More specific to eDiplomacy, try searching for ‘Bahrain latest’. From the UK, as shown opposite, there is one Bahraini source on the first page. What’s a nuisance or disturbing personally, and dysfunctional – at best – in global Development, becomes a significant challenge for MFA and other Government agencies seeking to promote national agendas. At the same time, social media is changing the search agenda, since behaviour on the sites replicates online the standard human pattern that we trust the opinions and advice of those we know more than anonymous sources. The geographical spread of social media is transforming these tools into a global public space. However, as is still being demonstrated in the continuing ferment in the Arabic speaking countries, nations have little control or sometimes influence on the news which spreads across the networks, which of course is then reflected in Google and other search engines.

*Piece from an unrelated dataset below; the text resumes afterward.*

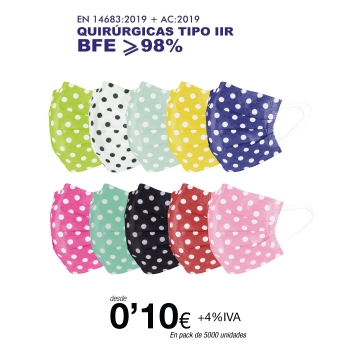 Mascarillas Quirúrgicas Tipo IIR 3 capas Surtido Lunares Mascarillas Quirúrgicas Tipo IIR 3 capas Surtido Lunares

None of these are particularly new challenges: Search Engine Optimisation (SEO) has gone from a dark art to a mainstream commercial service, and is well understood within Government technical teams. While the increasing activity on #eDiplomacy and #DigitalDiplomacy within Twitter by MFA staff demonstrates the growing recognition of the need to invest in these channels. However, as in so many things, the resources available in small and developing nations for technical interventions or simple commercial operations, such as buying search terms, is severely limited. And it is no coincidence that it is the larger, better resourced MFA such as in the US, Canada or the UK, that have invested the most in the new digital channels.

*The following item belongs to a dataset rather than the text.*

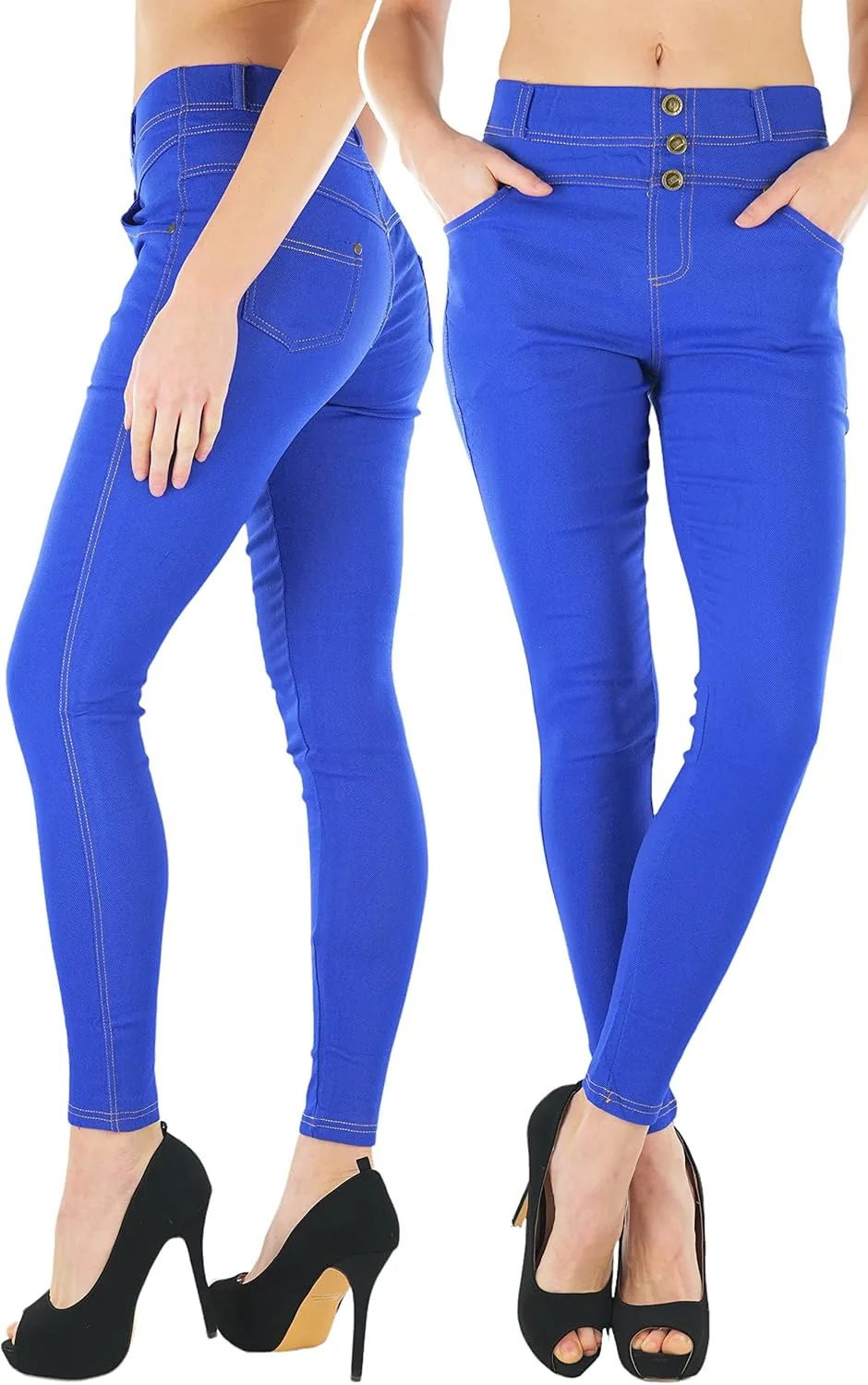 

Женские джинсы-леггинсы ToBeInStyle из стретч-твила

And what links this to the power of Google is illustrated in a provocative piece from the always insightful Evgeny Morozow who sees huge risks in the coming together of the globally powerful US digital industries and US digital diplomacy. What is new are signs of a significant backlash, according to Morozow:
Democratic and authoritarian states alike are now seeking “information sovereignty” from American companies, especially those perceived as being in bed with the U.S. government. Internet search, social networking, and even email are increasingly seen as strategic industries that need to be protected from foreign control. Russia is toying with spending $100 million to build a domestic alternative to Google. Iranian authorities are considering a similar idea after banning Gmail last February, and last summer launched their own Facebook clone called Velayatmadaran, named after followers of the velayaat, or supreme leader. Even Turkey, a U.S. ally, has plans to provide a government-run email address to every Turkish citizen to lessen the population’s dependence on U.S. providers.
But then today is Friday 13th, in the last year of the Mayan calendar. By this time last year Tunisia’s Ben Ali was on the brink of resignation and no-one, least of all the protagonists, expected the upheaval that was to sweep to the East along the North African coast during the next few months. Could this be the year in which the configuration of the Internet’s key players changes as dramatically? All we can say for sure is that Google’s share price is sliding!